Sur ce point, Mohamed X a affirmé publiquement mercredi aux jurés que sa petite amie lui avait confirmé « un an avant » sa mort qu’elle avait subi les « attouchements » de son père.
La présidente de la cour d’assises de la Loire-Atlantique lui a alors demandé s’il était « sûr » de ce qu’il avançait : Selen X avait révélé à l’âge de 13 ans avoir été victime d’agressions sexuelles, mais de son grand-père maternel…
« Oui oui, j’ai bien compris que c’était par son père et par son grand-père. »
Mohamed X
De son côté, Ozkan X ne cesse de répéter qu’il a « fait tout ce qu’il pouvait » pour sauver sa « princesse » de sa lente dérive psychologique.
« Personne ne doute ici de l’amour que vous avez pu avoir pour votre fille, monsieur », lui a dit à ce sujet la présidente de la cour d’assises.

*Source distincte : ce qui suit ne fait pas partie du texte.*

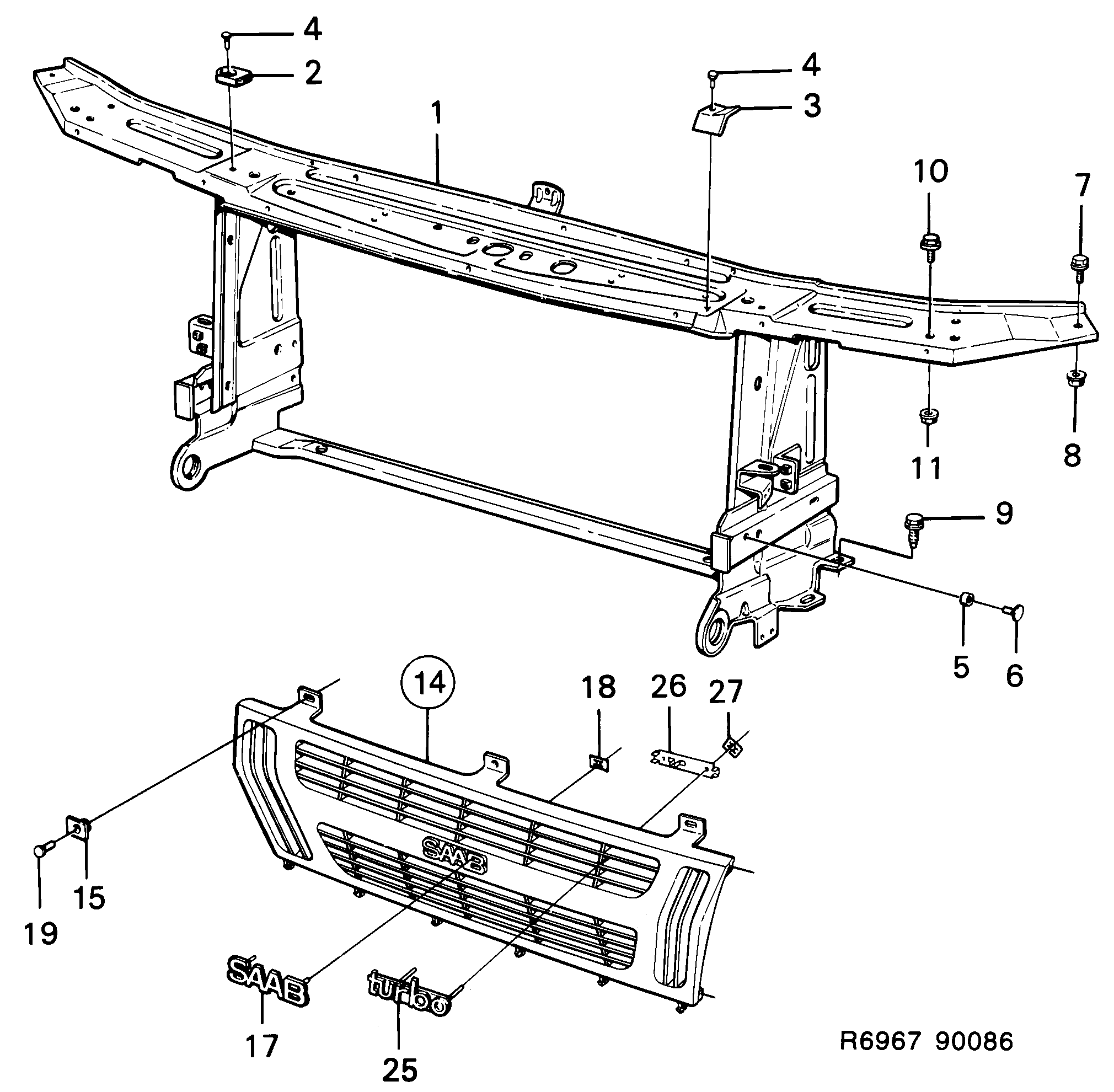 Saab 900 Front member Grille diagram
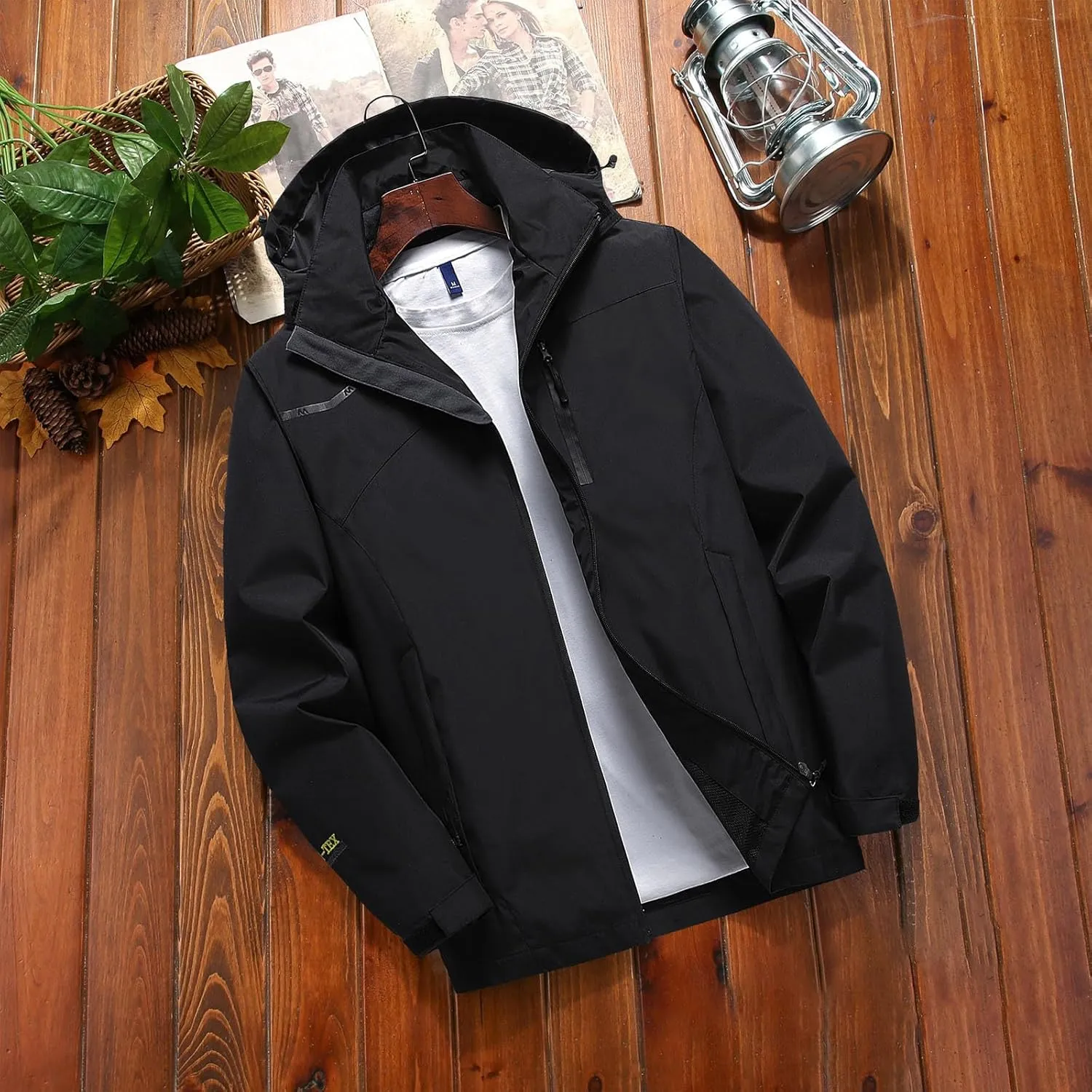 Raincoat for Men Hooded with Pockets Windproof Lightweight Windbreaker Active Outdoor Golf Cycling Running Jackets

« Mais quand elle dénonce des faits d’agression sexuelle, elle est mineure et il ne se passe rien… Son petit ami la frappe, elle est toujours mineure et il ne se passe toujours rien. Pourquoi n’avez-vous donc pas déposé plainte quand vous la voyez rentrer blessée ? »
Verdict lundi
Sur ce point, l’accusé a affirmé avoir « emmené à la gendarmerie » sa fille pour dénoncer les agressions sexuelles de son propre beau-père mais ne pas avoir été « pris au sérieux ».
« Ils m’ont dit qu’ils avaient pris note de ce que j’avais dit, qu’ils m’avaient écouté mais que ma fille n’était pas la seule dans ce cas », a résumé le père de famille d’origine turque par l’intermédiaire de son interprète.
Concernant les violences conjugales du petit ami de sa fille, il aurait renoncé à porter plainte après des « menaces » de la mère de Mohamed X :
« Elle m’a parlé pendant une heure, en me disant qu’il allait se passer des choses graves si je ne retirais pas ma plainte. »
« Par contre, ma femme est allée porter plainte. » Mais celle-ci a été « classée sans suites », a-t-on appris ce mardi.
La cour d’assises de la Loire-Atlantique a prévu de rendre son verdict ce lundi 19 mai 2025.